Here’s what you missed while enduring the last 12 months…

Fusion: A trend story about millennials, by The New York Times

Selected by Joe Lazauskas, editor-in-chief

Over the past year, I’ve read my fair share of depressing, thought-provoking essays about the state of media, politics, and tech, and the strange dystopia that we’re slowly careening into. Which to choose?! There were just so many great pieces that I read by the soft glow of my phone, pieces that stayed with me all night and haunted my dreams.

But you know what? Screw that. I’m going to share the funniest thing I read last year—a piece that literally made me fall on the floor in our office. 2016 was shit, but every word of this piece is perfect.

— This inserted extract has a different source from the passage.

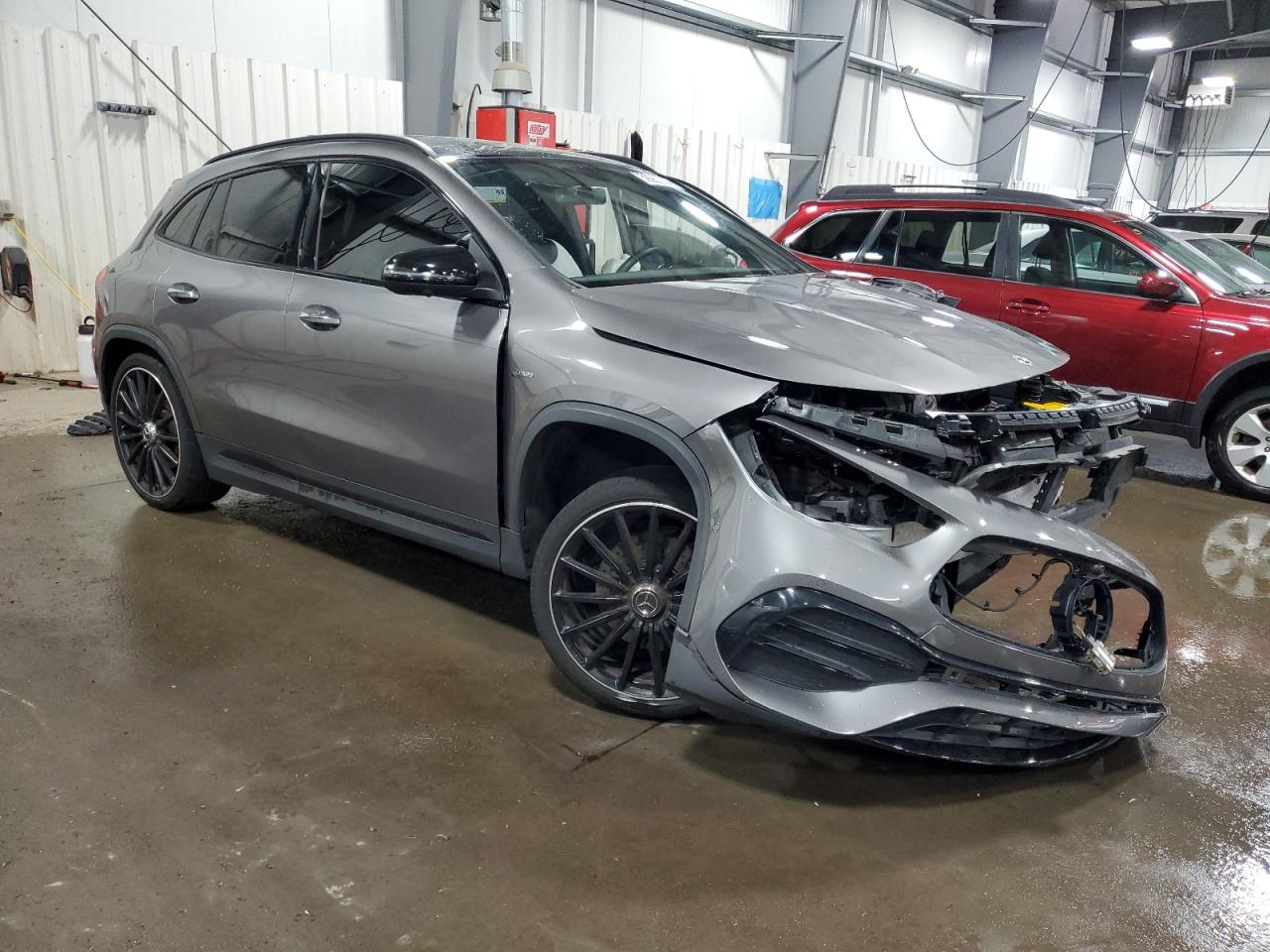 2022 MERCEDES-BENZ GLA 35 AMG VIN:W1N4N5BB4NJ400426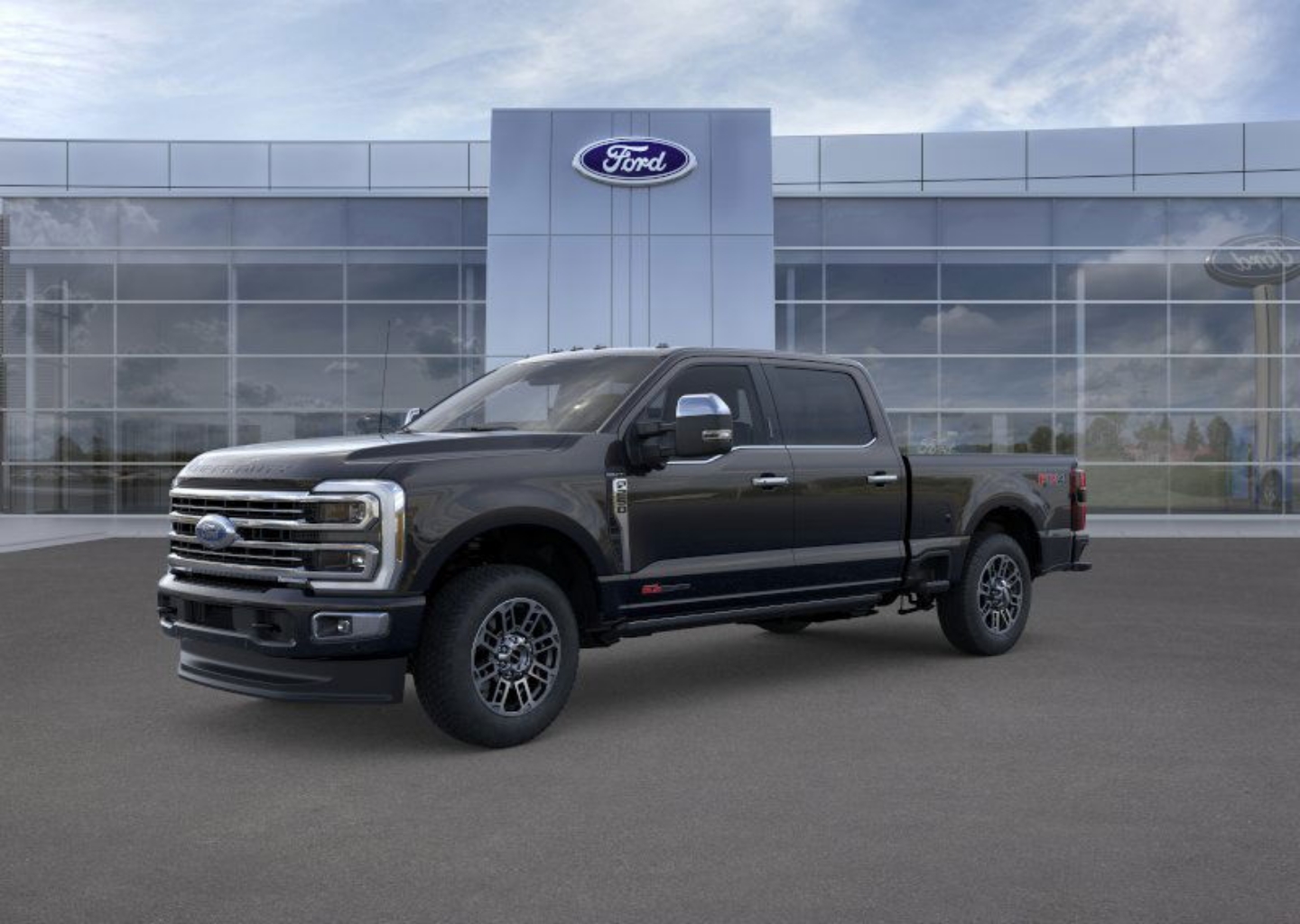 2026 Ford F-250 Super Duty Platinum's photo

Epic Magazine: Silicon Is Just Sand

Selected by Erin Nelson, marketing editor

What was the deal with “Silicon Beach” in Los Angeles, and why did it involve murder?

It would have been easy to capture the seduction of the LA tech underworld in broad strokes, but Stephen Elliott instead uses descriptive language and thorough—and at times, awkward—interviews to draw finite details about the players involved.

An apt storyteller, he is able to summarize the ripple effect of an urban tech boom without cementing cliched caricatures. Here, the entrepreneur is not another geeky Ivy League dropout with a billion dollar company built from his parents’ garage. He is a former convict, actor, and YouTube fanatic who, through grit and a bit of luck, struck it big (only to lose it all). Like a Russian nesting doll, Elliott hides complete stories within a larger one—with each mysterious and complex narrative able to stand on its own.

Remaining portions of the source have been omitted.